Funding for International Tobacco Control, 1990-2011
More donor support made a difference. It funded a WHO-led effort to focus FCTC implementation on six measurable and proven tobacco-demand reduction measures, known by the acronym MPOWER. These MPOWER measures include bans on smoking in public places and tobacco advertising as well as tobacco-excise taxes that amount to at least 70 percent of the retail price of cigarettes. The new donor money also supported expansion of international surveillance of the MPOWER measures by the WHO, the U.S. Centers for Disease Control and Prevention, and the Canadian Public Health Association. This surveillance has permitted regular and independent monitoring and reporting on country-level implementation of the MPOWER measures.
Clearer goals and better data have helped local health officials and advocates encourage their governments to improve FCTC compliance. NGOs and academic institutions, such as the Campaign for Tobacco-Free Kids and Johns Hopkins Bloomberg School of Public Health, have bolstered these local efforts with technical and advocacy-related support.
FCTC implementation has slowly improved. WHO reports show that the proportion of the world’s population living in countries with FCTC-compliant cigarette warning labels tripled between 2007 and 2012, from 4 percent to 14 percent. Similarly, the number of countries without restrictions on smoking in public places declined from 114 in 2008 to 81 in 2012. The share of tobacco-tax revenues that countries dedicate to reducing tobacco consumption increased from a ratio of $500:1 in 2008 to $145:1 in 2012. The prevalence of tobacco use in many low- and middle-income countries started to decline as well.
Estimated Prevalence of Daily Smoking, 1980-2012
A decade later, it is clear that the FCTC, on its own, was insufficient to generate improved tobacco control in low- and middle-income countries, but has been a contributing factor in the recent progress that has occurred. Most of the philanthropic donors and intergovernmental, governmental, and non-governmental actors engaged in the global anti-tobacco movement predate the FCTC. On the other hand, the FCTC provided a platform for this global anti-tobacco movement and a source of accountability for local government officials who could be convinced to act.
The FCTC has not fared as well as a model for international lawmaking on other health challenges. The agreement has spurred little intergovernmental cooperation. Although FCTC parties adopted a protocol on the illicit tobacco trade in 2012, only six countries have ratified it. Domestically, tobacco monopolies remain entrenched in many countries as obstacles to tobacco control measures, and 92 percent of the world’s population still lives in countries where tobacco taxes are below what the WHO recommends.

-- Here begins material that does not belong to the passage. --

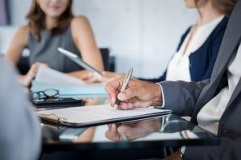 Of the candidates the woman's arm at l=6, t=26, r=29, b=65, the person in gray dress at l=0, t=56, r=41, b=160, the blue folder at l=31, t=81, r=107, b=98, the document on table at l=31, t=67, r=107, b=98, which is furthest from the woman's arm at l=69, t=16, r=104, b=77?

Donor support for international tobacco control remains low, especially relative to other global-health causes. Although tobacco use remains the second leading cause of death worldwide, only $68 million of the $31.4 billion in development assistance for global health in 2011 went to tobacco control. A decade later, none of the global-health treaty proposals that the FCTC inspired have gained traction.

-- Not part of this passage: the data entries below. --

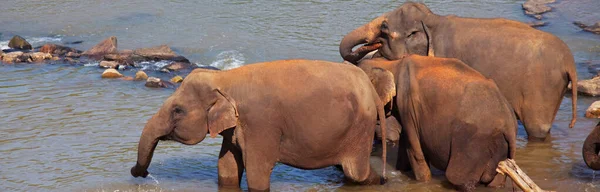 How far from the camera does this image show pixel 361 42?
1143cm

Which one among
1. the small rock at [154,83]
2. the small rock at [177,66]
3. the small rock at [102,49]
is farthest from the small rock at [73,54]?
the small rock at [154,83]

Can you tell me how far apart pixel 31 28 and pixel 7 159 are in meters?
11.1

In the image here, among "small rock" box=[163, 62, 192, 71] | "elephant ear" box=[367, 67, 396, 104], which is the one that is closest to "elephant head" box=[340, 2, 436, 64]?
"elephant ear" box=[367, 67, 396, 104]

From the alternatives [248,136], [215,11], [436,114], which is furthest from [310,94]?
[215,11]

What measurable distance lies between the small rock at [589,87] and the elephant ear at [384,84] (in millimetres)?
5196

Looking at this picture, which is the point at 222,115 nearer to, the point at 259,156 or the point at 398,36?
the point at 259,156

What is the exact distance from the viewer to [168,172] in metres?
10.5

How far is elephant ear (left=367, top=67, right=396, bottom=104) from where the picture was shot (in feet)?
31.1

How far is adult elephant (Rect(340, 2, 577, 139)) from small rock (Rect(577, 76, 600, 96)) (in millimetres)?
2778

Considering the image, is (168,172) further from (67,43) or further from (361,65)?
(67,43)

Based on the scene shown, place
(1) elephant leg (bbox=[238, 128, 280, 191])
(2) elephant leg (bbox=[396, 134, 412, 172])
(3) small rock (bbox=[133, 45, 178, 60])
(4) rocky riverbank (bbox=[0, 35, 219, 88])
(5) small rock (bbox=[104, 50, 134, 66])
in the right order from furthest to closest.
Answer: (3) small rock (bbox=[133, 45, 178, 60])
(5) small rock (bbox=[104, 50, 134, 66])
(4) rocky riverbank (bbox=[0, 35, 219, 88])
(2) elephant leg (bbox=[396, 134, 412, 172])
(1) elephant leg (bbox=[238, 128, 280, 191])

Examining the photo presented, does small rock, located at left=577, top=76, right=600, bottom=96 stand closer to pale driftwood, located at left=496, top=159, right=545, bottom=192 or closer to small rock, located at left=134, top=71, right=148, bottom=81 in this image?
pale driftwood, located at left=496, top=159, right=545, bottom=192

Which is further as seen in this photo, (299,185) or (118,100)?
(118,100)

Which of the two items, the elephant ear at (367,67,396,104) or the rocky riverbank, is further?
the rocky riverbank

Many lessons from the FCTC’s first decade are positive, but ultimately they are not about the power of treaty law. The sources of progress on the FCTC are about the same tactics that have long been effective in public health: identifying the strategies that work, reducing them to implementable and measureable programs, supporting and coordinating local implementation efforts, and monitoring and maintaining accountability for the results. Under the right circumstances, international law can contribute to the success of these strategies, but cannot substitute for them.